PROBLEM TO SOLVE:
Line filter on the word "Road": copy each matching line from the entries.

+ + +

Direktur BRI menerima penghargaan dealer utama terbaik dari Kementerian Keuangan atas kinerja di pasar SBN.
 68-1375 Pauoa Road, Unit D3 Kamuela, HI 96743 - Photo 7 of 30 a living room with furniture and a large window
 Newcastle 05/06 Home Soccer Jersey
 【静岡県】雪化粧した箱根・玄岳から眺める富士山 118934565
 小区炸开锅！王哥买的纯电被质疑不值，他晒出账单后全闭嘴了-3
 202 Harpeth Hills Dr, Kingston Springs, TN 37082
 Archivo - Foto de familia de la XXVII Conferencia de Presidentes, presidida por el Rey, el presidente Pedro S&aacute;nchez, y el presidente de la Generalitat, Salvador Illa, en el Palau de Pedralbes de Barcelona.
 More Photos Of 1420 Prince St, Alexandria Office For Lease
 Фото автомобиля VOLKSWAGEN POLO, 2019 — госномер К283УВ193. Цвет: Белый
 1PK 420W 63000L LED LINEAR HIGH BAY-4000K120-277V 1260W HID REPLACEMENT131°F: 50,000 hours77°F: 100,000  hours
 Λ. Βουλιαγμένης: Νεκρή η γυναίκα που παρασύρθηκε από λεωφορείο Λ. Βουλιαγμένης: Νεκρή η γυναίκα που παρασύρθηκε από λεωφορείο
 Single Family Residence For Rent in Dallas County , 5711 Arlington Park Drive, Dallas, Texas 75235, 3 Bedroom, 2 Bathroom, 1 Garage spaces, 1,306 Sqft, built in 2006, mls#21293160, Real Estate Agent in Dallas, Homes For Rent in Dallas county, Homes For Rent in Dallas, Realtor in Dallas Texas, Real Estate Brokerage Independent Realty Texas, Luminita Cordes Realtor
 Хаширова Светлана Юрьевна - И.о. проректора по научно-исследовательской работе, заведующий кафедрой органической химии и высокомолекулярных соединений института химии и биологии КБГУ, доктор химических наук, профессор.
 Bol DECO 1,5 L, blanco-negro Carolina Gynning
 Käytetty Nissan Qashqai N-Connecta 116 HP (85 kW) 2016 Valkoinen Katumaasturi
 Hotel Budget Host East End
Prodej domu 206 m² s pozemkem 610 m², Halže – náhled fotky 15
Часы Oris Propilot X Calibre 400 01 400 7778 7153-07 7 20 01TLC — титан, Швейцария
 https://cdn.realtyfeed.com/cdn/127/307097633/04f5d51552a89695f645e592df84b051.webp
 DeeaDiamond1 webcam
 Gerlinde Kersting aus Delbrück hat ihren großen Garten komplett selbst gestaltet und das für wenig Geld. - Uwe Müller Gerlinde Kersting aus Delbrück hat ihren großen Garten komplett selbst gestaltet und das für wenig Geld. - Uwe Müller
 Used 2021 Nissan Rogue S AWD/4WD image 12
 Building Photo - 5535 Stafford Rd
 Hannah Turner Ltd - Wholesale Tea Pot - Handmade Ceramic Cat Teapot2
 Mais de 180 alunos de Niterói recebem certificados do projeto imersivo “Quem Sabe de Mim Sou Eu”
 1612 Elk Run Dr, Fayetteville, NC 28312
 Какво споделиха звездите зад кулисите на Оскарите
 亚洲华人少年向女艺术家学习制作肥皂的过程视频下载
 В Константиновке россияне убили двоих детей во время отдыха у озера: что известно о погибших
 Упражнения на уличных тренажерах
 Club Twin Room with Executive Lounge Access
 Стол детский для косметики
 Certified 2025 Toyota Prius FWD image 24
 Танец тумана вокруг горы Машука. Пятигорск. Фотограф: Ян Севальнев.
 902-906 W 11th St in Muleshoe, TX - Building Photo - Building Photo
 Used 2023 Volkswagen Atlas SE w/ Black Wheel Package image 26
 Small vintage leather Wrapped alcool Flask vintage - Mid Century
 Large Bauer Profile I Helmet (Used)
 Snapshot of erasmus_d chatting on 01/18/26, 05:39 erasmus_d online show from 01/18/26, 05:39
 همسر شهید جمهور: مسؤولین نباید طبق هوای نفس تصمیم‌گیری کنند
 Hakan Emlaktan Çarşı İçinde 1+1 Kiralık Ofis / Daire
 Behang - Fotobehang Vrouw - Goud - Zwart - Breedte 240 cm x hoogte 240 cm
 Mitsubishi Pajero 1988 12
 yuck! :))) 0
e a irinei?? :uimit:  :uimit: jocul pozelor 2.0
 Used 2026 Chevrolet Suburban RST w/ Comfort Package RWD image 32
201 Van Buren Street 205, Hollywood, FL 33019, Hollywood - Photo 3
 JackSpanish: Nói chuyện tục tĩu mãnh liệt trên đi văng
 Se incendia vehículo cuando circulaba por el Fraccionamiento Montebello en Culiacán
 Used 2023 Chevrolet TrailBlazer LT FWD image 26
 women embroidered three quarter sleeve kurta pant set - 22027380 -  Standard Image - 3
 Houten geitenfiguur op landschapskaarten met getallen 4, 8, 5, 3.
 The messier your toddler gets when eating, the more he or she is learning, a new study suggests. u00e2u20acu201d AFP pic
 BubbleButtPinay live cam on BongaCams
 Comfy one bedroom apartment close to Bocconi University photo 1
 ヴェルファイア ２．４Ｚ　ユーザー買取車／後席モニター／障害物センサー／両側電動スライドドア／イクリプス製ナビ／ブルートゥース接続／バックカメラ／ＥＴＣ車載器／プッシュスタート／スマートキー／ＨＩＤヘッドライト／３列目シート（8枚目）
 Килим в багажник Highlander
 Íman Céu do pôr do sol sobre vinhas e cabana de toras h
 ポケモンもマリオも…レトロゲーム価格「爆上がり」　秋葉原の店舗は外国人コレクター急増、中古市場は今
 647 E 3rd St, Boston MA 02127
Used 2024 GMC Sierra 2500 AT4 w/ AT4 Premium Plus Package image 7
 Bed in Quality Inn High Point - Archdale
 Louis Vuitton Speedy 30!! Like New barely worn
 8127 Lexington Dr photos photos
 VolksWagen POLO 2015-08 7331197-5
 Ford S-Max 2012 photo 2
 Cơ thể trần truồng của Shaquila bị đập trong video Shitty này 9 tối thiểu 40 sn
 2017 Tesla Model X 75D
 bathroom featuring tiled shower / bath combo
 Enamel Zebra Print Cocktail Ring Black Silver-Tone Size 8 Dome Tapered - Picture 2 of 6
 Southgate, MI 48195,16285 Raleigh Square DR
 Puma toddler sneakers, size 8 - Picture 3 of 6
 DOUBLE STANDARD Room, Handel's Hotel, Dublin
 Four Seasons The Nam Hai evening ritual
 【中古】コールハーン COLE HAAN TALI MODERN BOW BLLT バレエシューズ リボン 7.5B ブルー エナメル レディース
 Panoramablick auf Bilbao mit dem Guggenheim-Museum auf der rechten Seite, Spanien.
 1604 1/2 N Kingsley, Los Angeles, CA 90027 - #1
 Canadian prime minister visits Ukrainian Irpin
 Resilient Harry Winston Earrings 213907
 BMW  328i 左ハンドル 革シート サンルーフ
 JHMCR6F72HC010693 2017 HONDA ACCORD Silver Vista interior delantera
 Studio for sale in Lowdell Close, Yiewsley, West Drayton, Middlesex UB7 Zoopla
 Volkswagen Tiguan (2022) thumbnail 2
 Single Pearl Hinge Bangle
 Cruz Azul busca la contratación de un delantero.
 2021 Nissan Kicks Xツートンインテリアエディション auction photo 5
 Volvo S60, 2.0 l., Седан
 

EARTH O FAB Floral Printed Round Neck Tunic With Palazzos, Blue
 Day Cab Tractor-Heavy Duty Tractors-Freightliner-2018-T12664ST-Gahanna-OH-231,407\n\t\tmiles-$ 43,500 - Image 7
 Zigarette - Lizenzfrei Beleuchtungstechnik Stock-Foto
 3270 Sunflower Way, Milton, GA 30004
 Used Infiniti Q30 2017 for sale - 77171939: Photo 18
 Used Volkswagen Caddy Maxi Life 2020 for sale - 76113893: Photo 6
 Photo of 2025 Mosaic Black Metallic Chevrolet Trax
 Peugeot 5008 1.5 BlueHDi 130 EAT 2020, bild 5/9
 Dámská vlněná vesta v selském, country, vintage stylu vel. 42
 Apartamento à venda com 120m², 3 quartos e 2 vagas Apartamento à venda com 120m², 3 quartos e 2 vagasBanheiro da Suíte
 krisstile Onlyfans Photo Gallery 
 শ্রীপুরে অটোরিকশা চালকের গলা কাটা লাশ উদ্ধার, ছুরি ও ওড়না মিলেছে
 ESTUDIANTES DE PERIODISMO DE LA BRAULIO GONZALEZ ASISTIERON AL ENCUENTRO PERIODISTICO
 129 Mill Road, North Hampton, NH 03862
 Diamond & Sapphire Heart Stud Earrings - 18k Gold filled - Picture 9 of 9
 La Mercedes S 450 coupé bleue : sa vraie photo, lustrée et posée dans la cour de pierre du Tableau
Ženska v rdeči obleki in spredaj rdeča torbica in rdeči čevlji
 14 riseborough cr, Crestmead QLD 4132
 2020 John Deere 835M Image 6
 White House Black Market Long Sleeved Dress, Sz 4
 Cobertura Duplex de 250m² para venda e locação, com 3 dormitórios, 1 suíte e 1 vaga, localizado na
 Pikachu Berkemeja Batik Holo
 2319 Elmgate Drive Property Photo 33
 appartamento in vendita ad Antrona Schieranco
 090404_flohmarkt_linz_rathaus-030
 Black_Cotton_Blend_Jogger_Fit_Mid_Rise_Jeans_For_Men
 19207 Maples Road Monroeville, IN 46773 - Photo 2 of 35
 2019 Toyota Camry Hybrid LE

+ + +

SOLVED EXERCISE:
 68-1375 Pauoa Road, Unit D3 Kamuela, HI 96743 - Photo 7 of 30 a living room with furniture and a large window
 129 Mill Road, North Hampton, NH 03862
 19207 Maples Road Monroeville, IN 46773 - Photo 2 of 35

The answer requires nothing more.